花曇りの三月にふとした気まぐれで晴れた夜空、まだ彼らが残ってくれている夜道を顎を上げて目薬のように光を目に差し入れながら歩いている。地上にあるものを表皮に括り付けられるほど凄まじい速度で地球の方が回転しているのだそうだが、電車で行き来する家と会社の位置が帰宅する度に数センチずつ移動して気づくと日本の土地からはみ出て海に落ちてしまうことは無いのでむしろ、地上から見上げる空の方が模様を付けたカーテンを引きあけるように動いていると感じてしまうのは仕方がないのかもしれない。

歩いてしばらく道路を三本通り抜けるとぎょしゃ座の足が公園の真ん中に立つ欅の大木のてっぺんに輝いた。
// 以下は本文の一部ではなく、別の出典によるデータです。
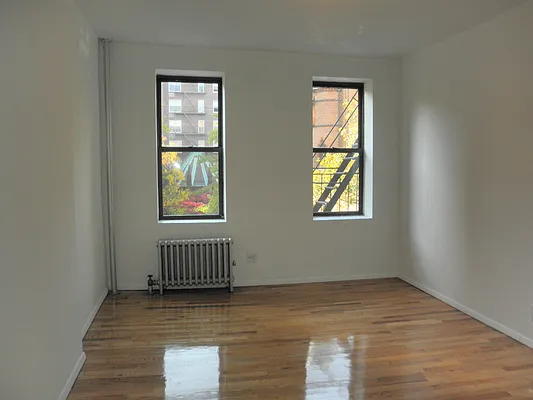 Rented by RV Realty | media 52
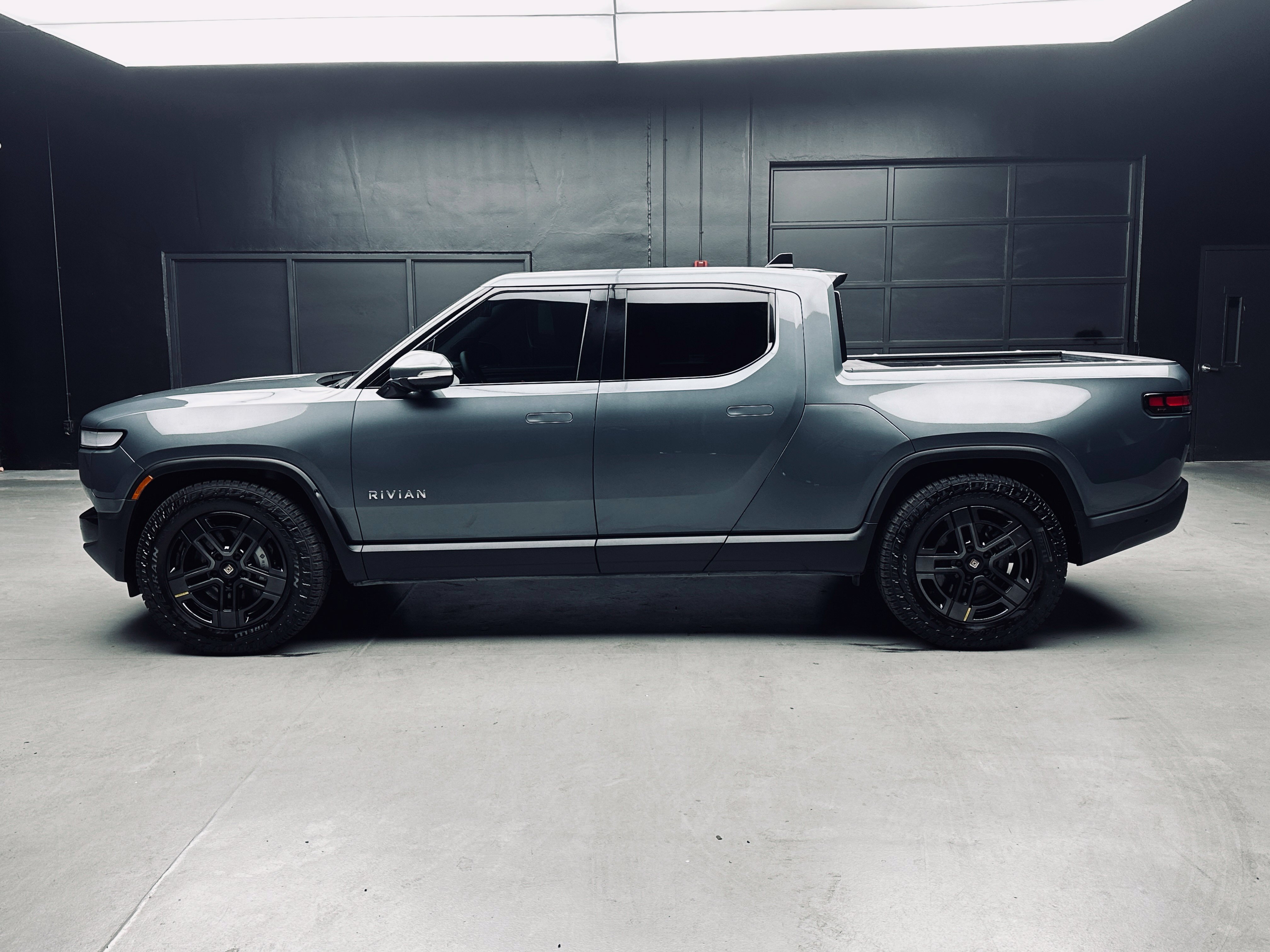 Used 2024 Rivian R1T Adventure Dual AWD/4WD image 5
おうし座のアルデバランの赤い光を西に見送り星座早見盤を春へと回し直す。日を追うという文字通り春の日の光を目指しておうし座は西を目指し、その後に控える夏の日差しを待ちうけるしし座のレグルスとかに座の星団が夜風にくるまれて春の夜の中天へ浮かび上がってくる予定だ。時々雲間から東の空に光る何かを目を凝らして、飛行機でないことを確かめて、ほっと息を吐くと右肩の後ろにシリウスが冬の名残の光を投げかけていた。